As lágrimas caíram. Ao ler as mensagens deixadas num improvisado memorial a Jo Cox, deputado do Labour que na semana passada foi assassinada, e tantas flores, Moira Murray não se conteve. Poucos conheciam Jo Cox, mas a sua vida acabou revelada pelos acontecimentos. Dedicava-se a causas sociais e defendia quem estava em posições mais desfavorecidas. Era deputada do partido trabalhista e morreu às mãos de um extremista.

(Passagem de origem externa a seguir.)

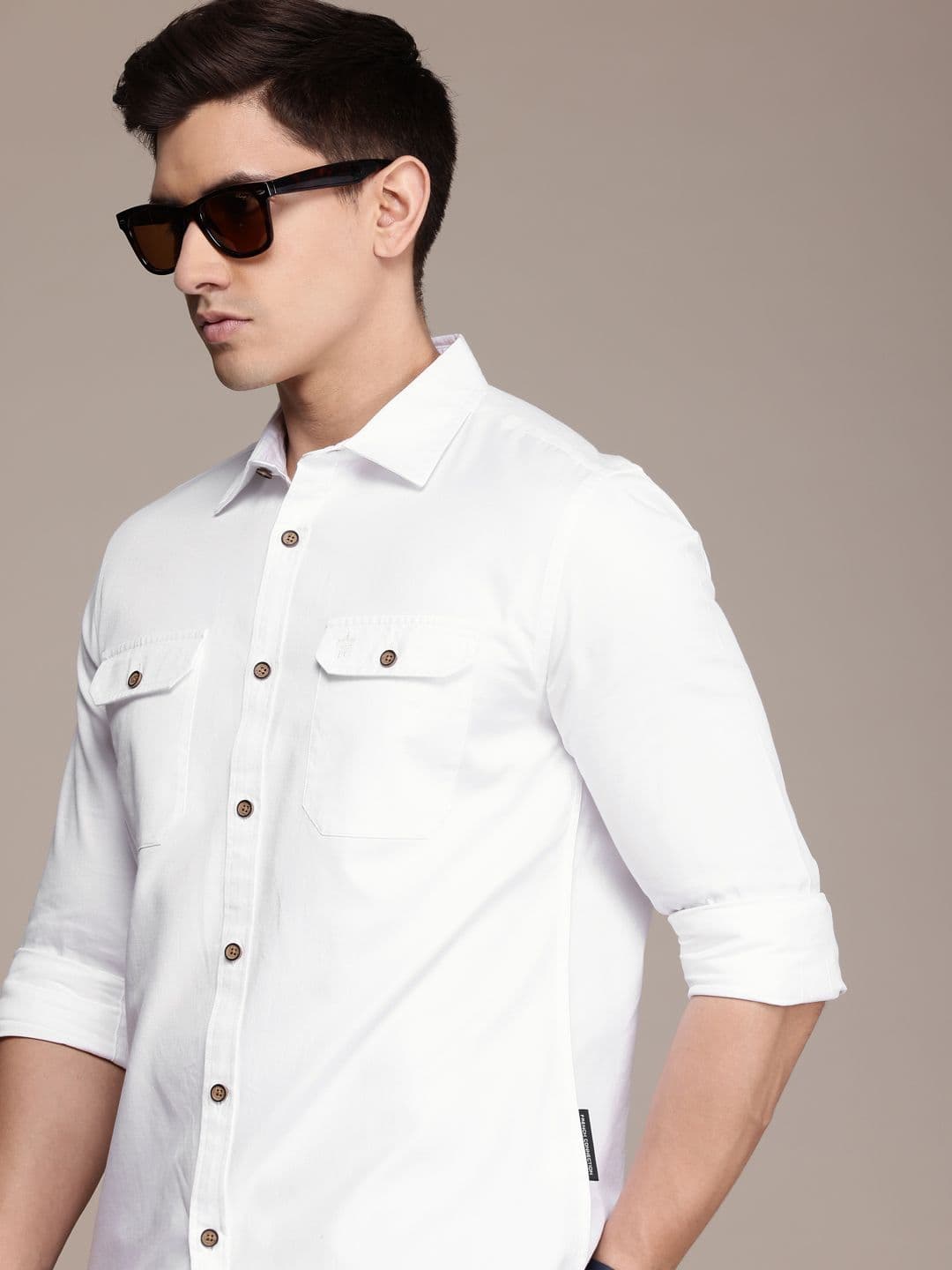 French Connection Men Premium Slim Fit Pure Cotton Casual Shirt - view 1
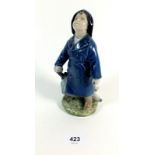 A Royal Copenhagen porcelain figure of a boy in rain clothes, 18cm.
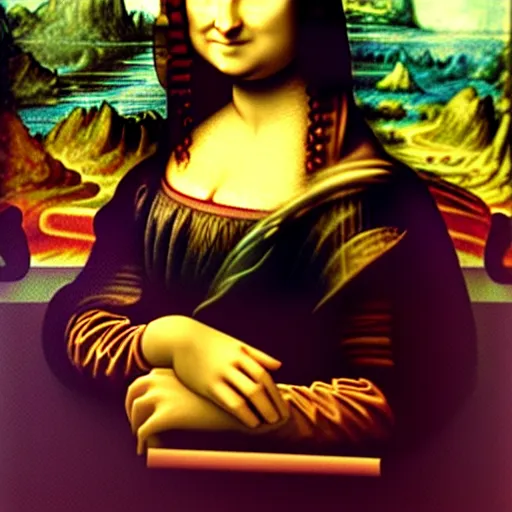 Prompt: the Mona Lisa smoking a cigar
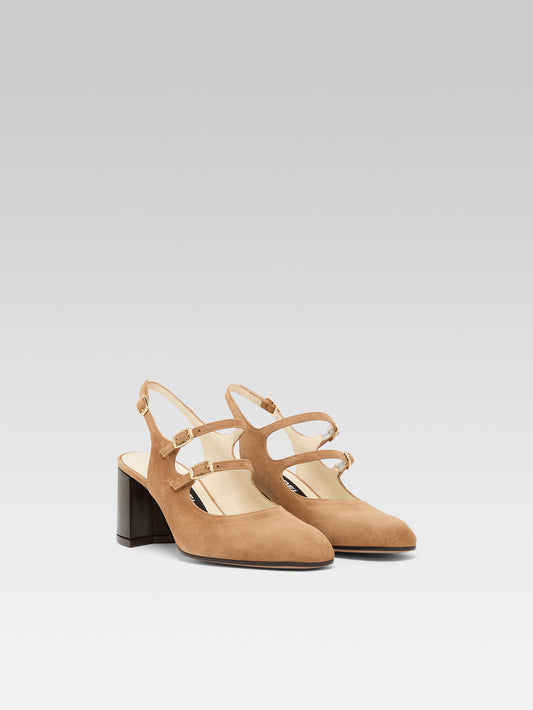 Banana - Hazelnut suede leather slingback Mary Janes - Image number 4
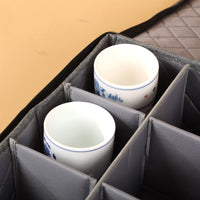 Dish Storage Container Set with Zippered Lid for Kitchen Dinnerware and Glassware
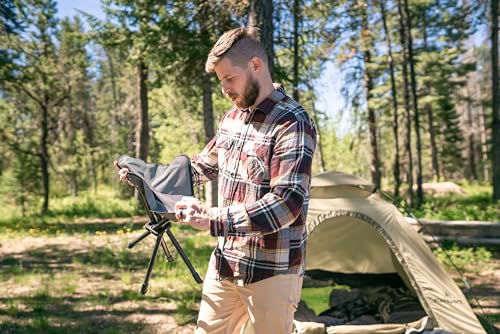 Stansport Apex Fold-Up Stool (G-140) - Black/Grey, Portable and Lightweight Stool for Camping, Fishing, Hiking, Backpacking and More - 300 lbs weight capacity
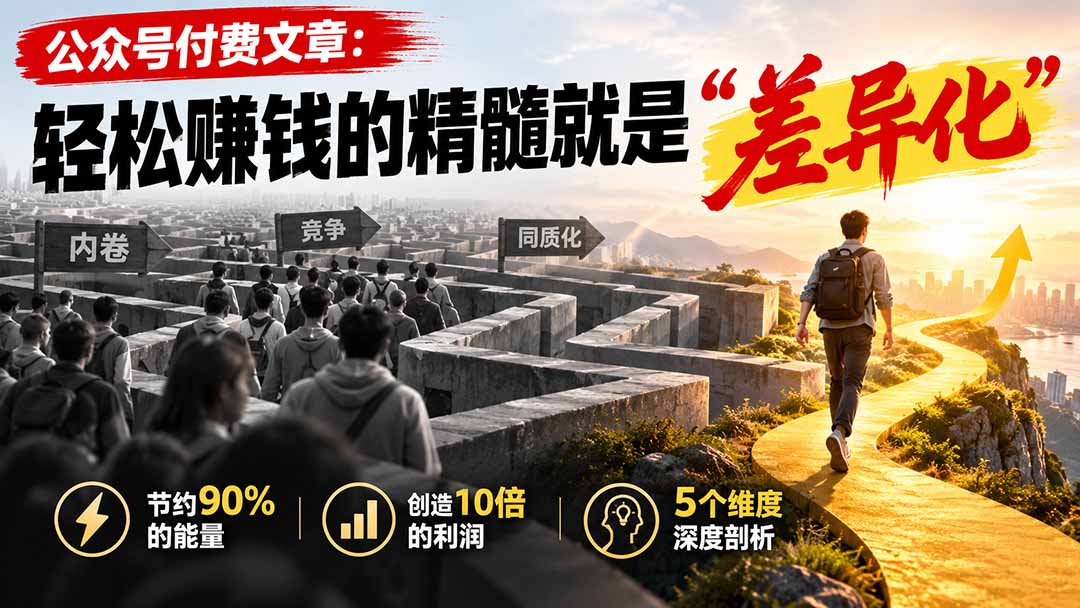 【2026.10.03】公众号付费文章：赚钱的秘诀就在于“与众不同”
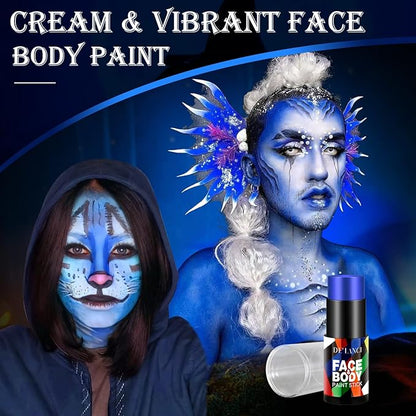 Professional Blue Face Body Paint Stick Makeup, DE’LANCI Cream Blendable Dark Blue Grease Foundation Painting Pen,Zombie Halloween SFX Special Effects Cosplay Costume Makeup, #05 ELF BLUE
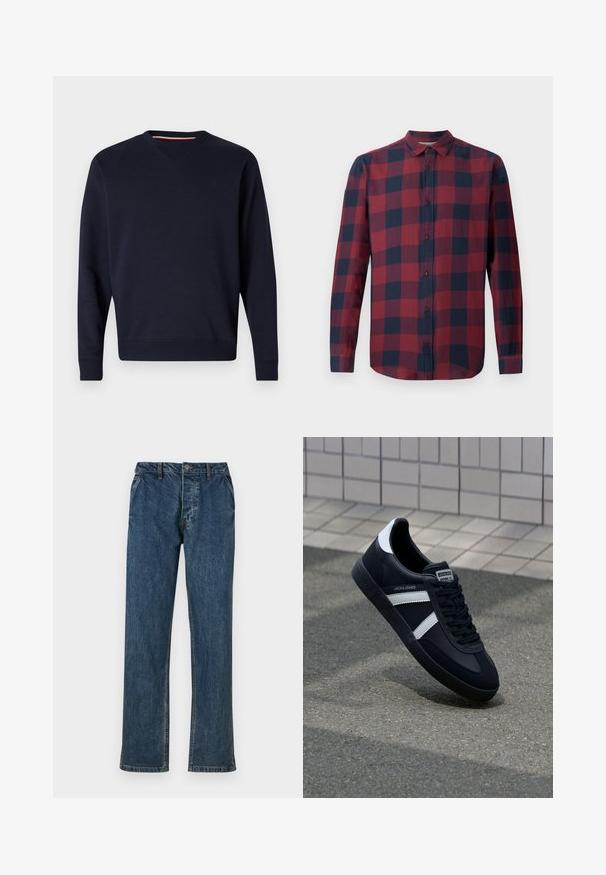 Replay ESSENTIAL R CREWNECK - Sudadera - night blue; Camisa de cuadros en rojo y azul marino de manga larga con cuello abotonado y botones oscuros. Fabricada con un tejido ligero de textura suave.; Jeans de mezclilla azul con corte recto, diseño de cinco bolsillos y cierre de botón. La tela presenta una sutil textura con acentos desgastados.; Zapatilla de cuero negra con rayas blancas, suela de goma texturizada y parte frontal con cordones. Cuenta con una etiqueta de marca en la lengüeta.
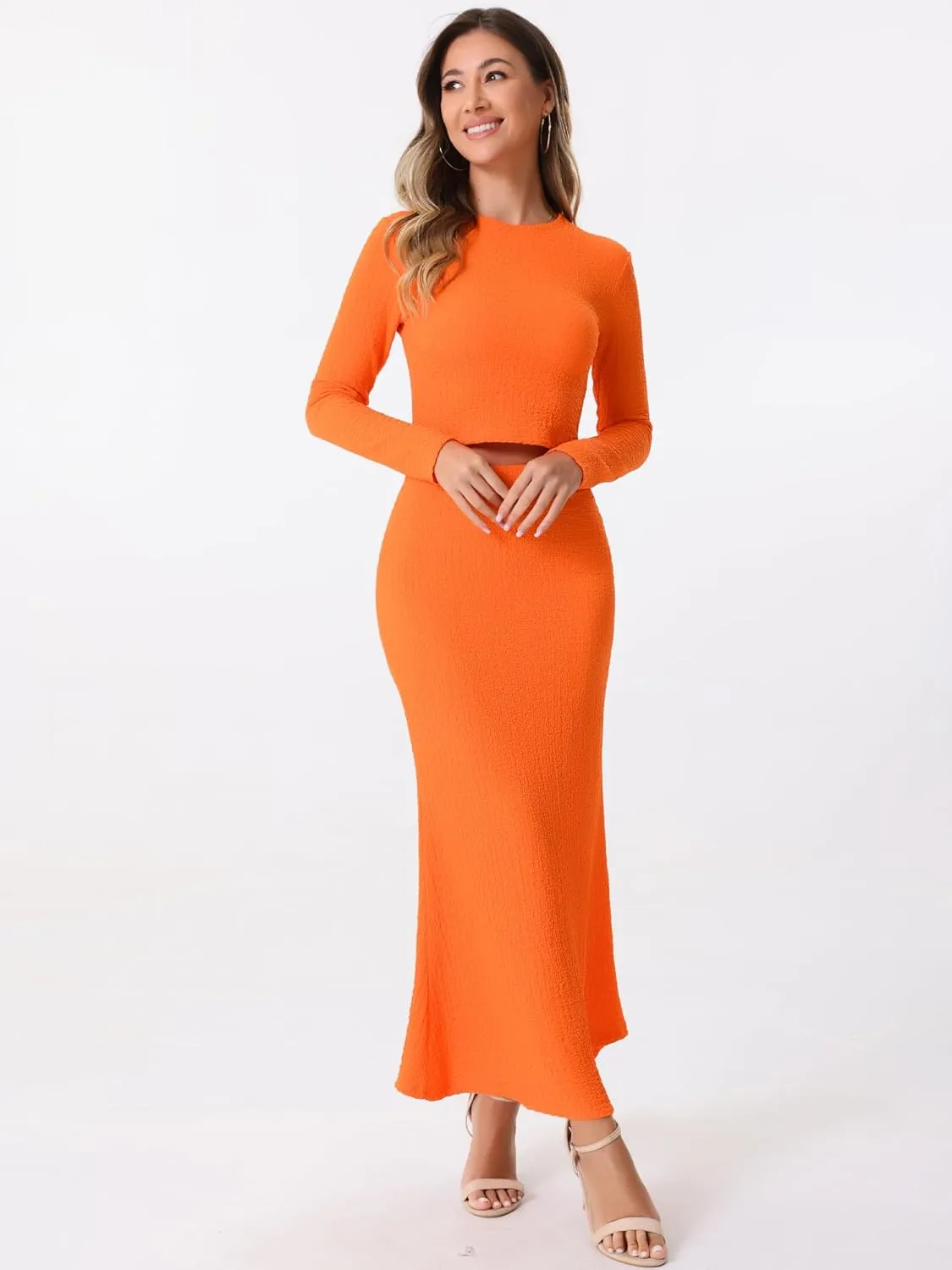 Allegra K Women's 2 Piece Sets Long Sleeve Crop Top High Waist Mermaid Maxi Skirt Fashion Casual Sets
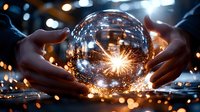 Hands holding glowing crystal ball with bright light burst inside, surrounded by bokeh lights. Fortune telling, prediction, magic, spiritual guidance concept.
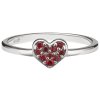 Silver ring with czech garnet, rhodium plated - heart                                               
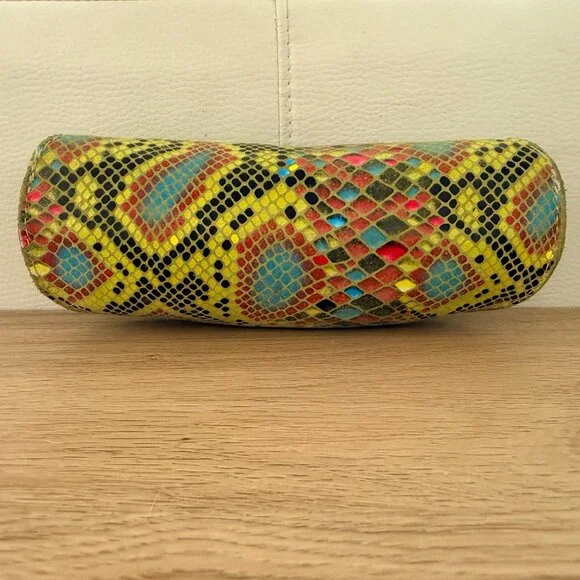 *Limited Edition* Consuela Neon Suede Sunglass Case w Laminated Snake Texture - Picture 2 of 6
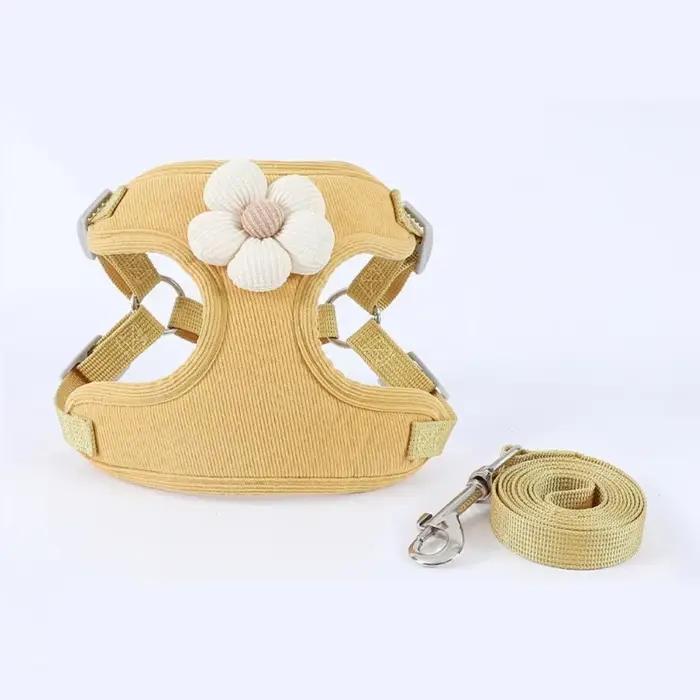 Harnais pour chien avec laisse de 1,5 m, harnais réglable pour chiots, chats, bouledogues français,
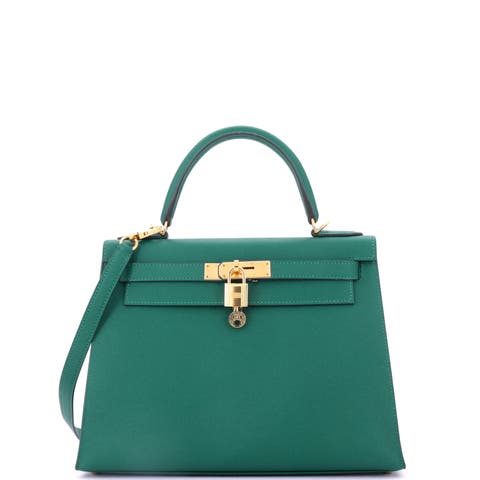 Kelly Handbag Green Epsom with Gold Hardware 28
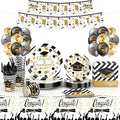 2025 Graduation Party Decor Supplies, 233-Piece Set for Graduation, Includes Disposable Dinnerware Like Plates, Cups, Napkins, Cutlery, Tablecloth, Balloons (Perfect for 25 Guests, Black & Gold Theme)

Moira Murray volta a emocionar-se. E lamenta o discurso extremado, de quem apela à saída do Reino unido da União Europeia. "Encorajam o racismo e esta terrível violência". O memorial, em frente ao Parlamento britânico, é agora mais um registo para os turistas de máquina em punho.
Andrew acredita que este acontecimento não terá reflexo no resultado do referendo. Mas aponta o dedo ao que alguns britânicos se tornaram. Diz ser socialista de coração, mas não o socialista que ensinam na escola, do Lenine e Estaline. Assume que não sabia muito da deputada, mas agora gostaria de ter mais políticos como Cox. "É triste acontecer isto a quem faz o que é correcto". Aproveita para os atacar. "Os políticos não se preocupam em dizer a verdade, mas a construir uma narrativa".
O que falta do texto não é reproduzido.